(Entries provided)
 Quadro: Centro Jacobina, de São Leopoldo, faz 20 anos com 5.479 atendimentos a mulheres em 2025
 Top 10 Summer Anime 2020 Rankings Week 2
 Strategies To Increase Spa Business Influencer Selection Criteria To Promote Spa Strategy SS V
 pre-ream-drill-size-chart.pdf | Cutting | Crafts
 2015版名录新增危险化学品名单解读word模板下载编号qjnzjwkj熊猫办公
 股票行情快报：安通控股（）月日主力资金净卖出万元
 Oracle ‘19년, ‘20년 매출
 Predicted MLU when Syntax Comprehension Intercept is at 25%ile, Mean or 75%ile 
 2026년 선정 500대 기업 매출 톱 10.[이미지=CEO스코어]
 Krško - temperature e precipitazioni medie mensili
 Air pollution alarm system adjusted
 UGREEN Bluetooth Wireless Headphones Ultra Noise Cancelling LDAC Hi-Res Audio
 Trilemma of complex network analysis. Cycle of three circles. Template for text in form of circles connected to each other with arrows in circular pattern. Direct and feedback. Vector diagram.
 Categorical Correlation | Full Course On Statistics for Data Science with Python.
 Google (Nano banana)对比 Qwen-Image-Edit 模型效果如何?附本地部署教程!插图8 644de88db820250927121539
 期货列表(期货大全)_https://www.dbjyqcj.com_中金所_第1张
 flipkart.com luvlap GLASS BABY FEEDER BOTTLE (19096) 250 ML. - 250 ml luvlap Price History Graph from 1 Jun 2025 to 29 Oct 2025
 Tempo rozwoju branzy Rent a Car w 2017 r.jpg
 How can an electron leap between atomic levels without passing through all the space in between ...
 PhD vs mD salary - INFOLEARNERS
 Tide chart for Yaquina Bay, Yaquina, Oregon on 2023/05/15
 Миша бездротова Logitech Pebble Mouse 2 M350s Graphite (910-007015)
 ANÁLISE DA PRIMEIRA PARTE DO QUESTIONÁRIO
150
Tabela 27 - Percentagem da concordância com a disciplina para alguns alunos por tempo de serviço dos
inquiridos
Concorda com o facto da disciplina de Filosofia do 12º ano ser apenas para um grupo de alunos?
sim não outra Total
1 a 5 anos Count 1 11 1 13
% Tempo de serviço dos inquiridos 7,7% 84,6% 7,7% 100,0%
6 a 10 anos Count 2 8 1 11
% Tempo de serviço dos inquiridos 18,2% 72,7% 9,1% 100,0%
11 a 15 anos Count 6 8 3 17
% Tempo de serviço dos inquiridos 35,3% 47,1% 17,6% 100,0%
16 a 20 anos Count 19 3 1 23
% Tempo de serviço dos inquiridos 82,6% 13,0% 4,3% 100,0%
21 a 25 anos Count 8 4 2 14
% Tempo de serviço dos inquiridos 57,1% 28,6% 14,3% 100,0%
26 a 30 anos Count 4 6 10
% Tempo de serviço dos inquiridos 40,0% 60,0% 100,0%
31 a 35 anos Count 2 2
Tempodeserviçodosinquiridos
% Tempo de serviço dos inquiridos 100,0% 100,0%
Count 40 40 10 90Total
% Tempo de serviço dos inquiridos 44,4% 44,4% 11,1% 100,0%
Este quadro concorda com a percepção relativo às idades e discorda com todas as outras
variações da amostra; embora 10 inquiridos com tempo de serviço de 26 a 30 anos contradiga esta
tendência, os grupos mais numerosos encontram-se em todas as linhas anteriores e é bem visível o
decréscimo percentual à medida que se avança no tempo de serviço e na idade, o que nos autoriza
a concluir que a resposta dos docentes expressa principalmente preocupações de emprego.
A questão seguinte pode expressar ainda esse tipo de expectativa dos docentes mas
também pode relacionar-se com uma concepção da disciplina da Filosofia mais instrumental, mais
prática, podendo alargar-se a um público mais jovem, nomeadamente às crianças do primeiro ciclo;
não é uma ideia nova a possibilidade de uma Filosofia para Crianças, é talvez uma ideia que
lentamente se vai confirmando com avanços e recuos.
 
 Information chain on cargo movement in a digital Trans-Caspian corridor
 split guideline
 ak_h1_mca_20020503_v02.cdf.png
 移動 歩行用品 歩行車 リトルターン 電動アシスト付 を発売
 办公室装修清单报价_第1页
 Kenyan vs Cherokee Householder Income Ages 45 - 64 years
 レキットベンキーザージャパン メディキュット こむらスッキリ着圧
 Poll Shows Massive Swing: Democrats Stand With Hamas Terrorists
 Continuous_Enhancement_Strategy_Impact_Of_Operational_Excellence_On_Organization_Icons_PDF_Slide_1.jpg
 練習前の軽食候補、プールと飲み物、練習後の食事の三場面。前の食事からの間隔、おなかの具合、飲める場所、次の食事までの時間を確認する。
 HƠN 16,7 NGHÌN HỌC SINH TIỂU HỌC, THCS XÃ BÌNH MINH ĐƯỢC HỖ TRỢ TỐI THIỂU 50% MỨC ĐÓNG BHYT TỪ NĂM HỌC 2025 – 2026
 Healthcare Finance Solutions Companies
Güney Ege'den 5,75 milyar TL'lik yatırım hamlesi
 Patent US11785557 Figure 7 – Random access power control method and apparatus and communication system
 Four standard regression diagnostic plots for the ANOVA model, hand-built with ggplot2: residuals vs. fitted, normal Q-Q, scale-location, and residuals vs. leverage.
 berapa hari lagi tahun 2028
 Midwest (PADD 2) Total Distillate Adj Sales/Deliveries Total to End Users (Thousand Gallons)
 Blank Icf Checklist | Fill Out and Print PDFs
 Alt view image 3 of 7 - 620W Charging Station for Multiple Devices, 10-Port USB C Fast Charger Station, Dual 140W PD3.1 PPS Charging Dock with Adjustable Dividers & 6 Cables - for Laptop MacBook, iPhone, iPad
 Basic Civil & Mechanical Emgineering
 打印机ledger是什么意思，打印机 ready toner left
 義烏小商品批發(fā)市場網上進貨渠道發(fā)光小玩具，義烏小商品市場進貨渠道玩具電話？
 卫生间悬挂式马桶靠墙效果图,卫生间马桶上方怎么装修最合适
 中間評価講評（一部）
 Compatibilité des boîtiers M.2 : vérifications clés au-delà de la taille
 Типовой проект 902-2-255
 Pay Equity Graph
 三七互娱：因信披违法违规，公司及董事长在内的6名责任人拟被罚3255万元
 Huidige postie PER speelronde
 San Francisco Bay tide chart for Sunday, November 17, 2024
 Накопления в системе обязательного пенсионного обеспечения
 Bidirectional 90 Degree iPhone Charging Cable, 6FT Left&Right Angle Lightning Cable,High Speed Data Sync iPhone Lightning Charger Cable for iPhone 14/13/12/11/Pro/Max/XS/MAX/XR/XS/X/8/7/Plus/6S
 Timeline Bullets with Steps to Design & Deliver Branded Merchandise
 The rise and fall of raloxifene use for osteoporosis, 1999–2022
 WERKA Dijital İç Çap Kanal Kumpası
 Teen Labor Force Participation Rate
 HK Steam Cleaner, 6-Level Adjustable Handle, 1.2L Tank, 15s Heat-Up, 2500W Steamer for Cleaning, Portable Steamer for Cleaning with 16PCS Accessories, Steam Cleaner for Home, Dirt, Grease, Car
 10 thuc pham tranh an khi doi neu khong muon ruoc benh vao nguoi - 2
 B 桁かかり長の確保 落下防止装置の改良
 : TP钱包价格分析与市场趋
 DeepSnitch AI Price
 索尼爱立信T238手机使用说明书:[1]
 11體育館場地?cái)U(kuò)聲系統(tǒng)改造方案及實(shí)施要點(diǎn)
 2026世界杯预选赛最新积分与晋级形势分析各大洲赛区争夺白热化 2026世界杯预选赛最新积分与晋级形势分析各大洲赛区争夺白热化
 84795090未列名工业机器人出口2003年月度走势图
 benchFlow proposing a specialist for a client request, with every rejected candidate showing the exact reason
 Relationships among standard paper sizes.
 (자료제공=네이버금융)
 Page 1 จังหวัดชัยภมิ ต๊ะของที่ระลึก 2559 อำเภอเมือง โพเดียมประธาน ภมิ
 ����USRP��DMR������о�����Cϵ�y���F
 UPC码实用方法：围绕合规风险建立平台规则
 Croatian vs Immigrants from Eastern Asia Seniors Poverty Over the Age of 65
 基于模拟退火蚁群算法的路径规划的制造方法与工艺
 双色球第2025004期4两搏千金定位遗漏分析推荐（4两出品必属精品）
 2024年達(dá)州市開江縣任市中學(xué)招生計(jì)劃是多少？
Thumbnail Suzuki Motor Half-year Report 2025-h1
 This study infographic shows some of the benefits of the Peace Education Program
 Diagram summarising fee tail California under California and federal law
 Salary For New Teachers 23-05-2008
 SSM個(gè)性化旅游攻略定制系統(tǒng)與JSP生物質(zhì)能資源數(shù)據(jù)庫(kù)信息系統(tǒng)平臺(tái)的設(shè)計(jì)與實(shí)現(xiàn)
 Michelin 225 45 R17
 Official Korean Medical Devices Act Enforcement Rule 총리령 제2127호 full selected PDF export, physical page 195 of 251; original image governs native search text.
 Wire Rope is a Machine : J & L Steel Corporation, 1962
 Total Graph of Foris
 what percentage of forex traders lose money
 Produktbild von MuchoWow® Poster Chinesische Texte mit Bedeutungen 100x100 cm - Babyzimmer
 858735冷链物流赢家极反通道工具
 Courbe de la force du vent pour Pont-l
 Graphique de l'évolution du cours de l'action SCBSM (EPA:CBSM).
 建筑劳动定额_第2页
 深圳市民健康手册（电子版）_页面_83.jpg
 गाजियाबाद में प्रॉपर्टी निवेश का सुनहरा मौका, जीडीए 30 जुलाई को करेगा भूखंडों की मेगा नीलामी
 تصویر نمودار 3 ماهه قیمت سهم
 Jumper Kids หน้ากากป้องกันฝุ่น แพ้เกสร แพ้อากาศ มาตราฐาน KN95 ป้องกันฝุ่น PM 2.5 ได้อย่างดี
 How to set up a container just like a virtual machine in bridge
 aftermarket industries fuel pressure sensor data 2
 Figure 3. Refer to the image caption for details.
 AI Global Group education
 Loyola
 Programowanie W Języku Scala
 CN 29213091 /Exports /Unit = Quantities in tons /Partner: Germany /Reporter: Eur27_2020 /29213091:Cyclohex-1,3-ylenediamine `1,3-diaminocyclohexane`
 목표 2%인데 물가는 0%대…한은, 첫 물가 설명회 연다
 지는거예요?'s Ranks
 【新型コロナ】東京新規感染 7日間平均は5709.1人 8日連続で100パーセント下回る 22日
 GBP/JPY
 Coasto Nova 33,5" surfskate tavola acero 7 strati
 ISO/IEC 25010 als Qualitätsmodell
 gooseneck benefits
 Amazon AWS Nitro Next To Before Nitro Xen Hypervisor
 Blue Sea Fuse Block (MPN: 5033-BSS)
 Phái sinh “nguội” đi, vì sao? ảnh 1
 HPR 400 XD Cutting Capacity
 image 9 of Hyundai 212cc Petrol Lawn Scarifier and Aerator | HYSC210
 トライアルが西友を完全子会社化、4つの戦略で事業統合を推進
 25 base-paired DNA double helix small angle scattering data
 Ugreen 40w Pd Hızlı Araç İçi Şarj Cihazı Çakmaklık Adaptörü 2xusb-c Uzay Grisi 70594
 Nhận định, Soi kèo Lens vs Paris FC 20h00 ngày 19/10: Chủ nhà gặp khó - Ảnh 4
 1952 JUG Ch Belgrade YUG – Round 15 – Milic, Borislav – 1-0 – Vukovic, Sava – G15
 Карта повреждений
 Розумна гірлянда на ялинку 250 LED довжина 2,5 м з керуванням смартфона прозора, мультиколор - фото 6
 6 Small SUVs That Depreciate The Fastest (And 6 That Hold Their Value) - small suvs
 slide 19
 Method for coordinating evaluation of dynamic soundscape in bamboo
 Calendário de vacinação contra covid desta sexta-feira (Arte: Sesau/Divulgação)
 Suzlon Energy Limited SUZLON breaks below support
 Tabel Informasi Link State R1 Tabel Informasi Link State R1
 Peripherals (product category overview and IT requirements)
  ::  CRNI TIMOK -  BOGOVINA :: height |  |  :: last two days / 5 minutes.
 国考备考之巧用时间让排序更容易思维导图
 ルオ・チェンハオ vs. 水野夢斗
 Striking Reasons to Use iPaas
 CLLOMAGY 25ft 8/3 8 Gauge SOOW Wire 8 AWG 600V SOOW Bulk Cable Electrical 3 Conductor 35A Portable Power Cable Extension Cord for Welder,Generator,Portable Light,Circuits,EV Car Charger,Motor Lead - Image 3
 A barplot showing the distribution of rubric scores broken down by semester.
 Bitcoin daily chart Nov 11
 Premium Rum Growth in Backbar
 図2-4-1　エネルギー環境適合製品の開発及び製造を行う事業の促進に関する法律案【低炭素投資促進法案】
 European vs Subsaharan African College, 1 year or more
(End Entries provided)
* _Work order_
The line above containing "義烏小商品批發(fā)市場網", the line containing "Teen Labor Force Participation Rate", and every line between them are to be transcribed exactly; no other line is wanted.

* _Written response_
 義烏小商品批發(fā)市場網上進貨渠道發(fā)光小玩具，義烏小商品市場進貨渠道玩具電話？
 卫生间悬挂式马桶靠墙效果图,卫生间马桶上方怎么装修最合适
 中間評価講評（一部）
 Compatibilité des boîtiers M.2 : vérifications clés au-delà de la taille
 Типовой проект 902-2-255
 Pay Equity Graph
 三七互娱：因信披违法违规，公司及董事长在内的6名责任人拟被罚3255万元
 Huidige postie PER speelronde
 San Francisco Bay tide chart for Sunday, November 17, 2024
 Накопления в системе обязательного пенсионного обеспечения
 Bidirectional 90 Degree iPhone Charging Cable, 6FT Left&Right Angle Lightning Cable,High Speed Data Sync iPhone Lightning Charger Cable for iPhone 14/13/12/11/Pro/Max/XS/MAX/XR/XS/X/8/7/Plus/6S
 Timeline Bullets with Steps to Design & Deliver Branded Merchandise
 The rise and fall of raloxifene use for osteoporosis, 1999–2022
 WERKA Dijital İç Çap Kanal Kumpası
 Teen Labor Force Participation Rate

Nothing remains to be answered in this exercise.